“What is required to determine when a debt is uncollectible?.”
Claiming an allowable business investment loss (“ABIL”) is an area that the CRA reviews very carefully. ABIL’s are capital losses that can be treated as non-capital losses and applied against all sources of income. The loss can be claimed pursuant to subsection 50(1) if a loan is uncollectible.
The CRA often takes the position that the debtor must do a number of things to try and collect the debt before he/she is able to claim the ABIL. The case of Netolitzky (2006 TCC 172) deals with these issues. The taxpayer had lent over $7M to his wife’s decorating business. The CRA disallowed the ABIL on the basis that the taxpayer could have done more to collect the debt and to turn the business around, and that he should have obtained independent advice on the value of the inventory and of the business itself. The CRA also took the position that, because of the spouse’s involvement, the taxpayer’s decision was influenced by personal, rather than purely business, considerations.
In making the determination as to whether the loan was collectible, the taxpayer consulted one of his professional associates who agreed with the taxpayer that there was no realistic chance of him being repaid his loans. The CRA felt that a taxpayer should have received an independent assessment of the amount of the loss and the company’s potential resale value. The Judge was very clear that this was “an unwarranted expansion of the duty imposed on the taxpayer” under paragraph 50(1)(a) of the Income Tax Act. The Judge quoted from a previous case that it is “the creditor personally” who must consider the facts leading to a bad debt determination and not an outside advisor.
As to the CRA’s contention that the taxpayer should have done more to collect the debt, the Tax Court Judge quoted a Federal Court of Appeal case that said it was not “necessary for a creditor to exert all possible recourses of collection.

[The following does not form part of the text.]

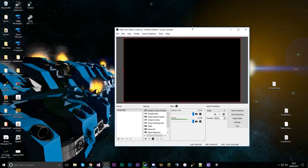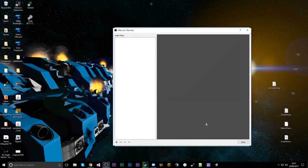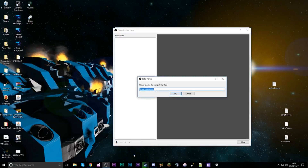To reduce background noise in OBS, what you want to do is go to the mixer section right here. Click on the little cog next to your microphone input. Once you've clicked on it, go to filters. Go to the add button and first of all we're going to do noise suppression, which will reduce background noise.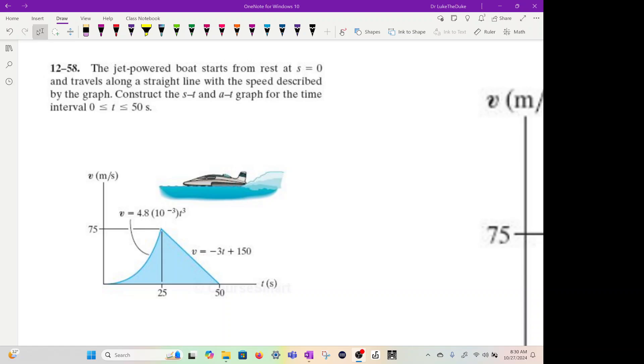Welcome back. In today's video we're going to be looking at how to use the symbolic toolbox in Octave. We're going to take this dynamics problem of a jet-powered boat starting from rest, and we're giving a velocity versus time graph. We're going to use the symbolic toolbox where we can take the derivative and the integral and figure out how to find displacement and acceleration and create those graphs.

All that is required is an honest and reasonable assessment.” In that same case, the Judge made it clear that “there is no obligation on the taxpayer to try and think of every conceivable proactive step and show that none will be productive. It is sufficient that the taxpayer provides evidence as to the condition of the debtor and its ability of the relevant time to repay the loan in whole or in part.”
The CRA’s last argument that the taxpayer had been overly influenced by his wife’s involvement of the business, the Judge stated that a non-arm’s length relationship alone cannot lead to a finding that the creditor did not honestly and reasonably determine the debt to be bad. It was clear in this case that the financial situation of the corporation would not allow the company to repay any of the debt and therefore the loan was a bad debt and eligible for an ABIL.
This is another case that makes it clear that the CRA sometimes interprets the law in a way inconsistent with that of the courts. A careful review of the court’s decisions is important in determining whether the CRA’s basis for its decisions is consistent with the courts. The taxpayer must make an objective decision as to whether the loan is collectible. As well, the taxpayer does not have to complete every conceivable step to collect the funds.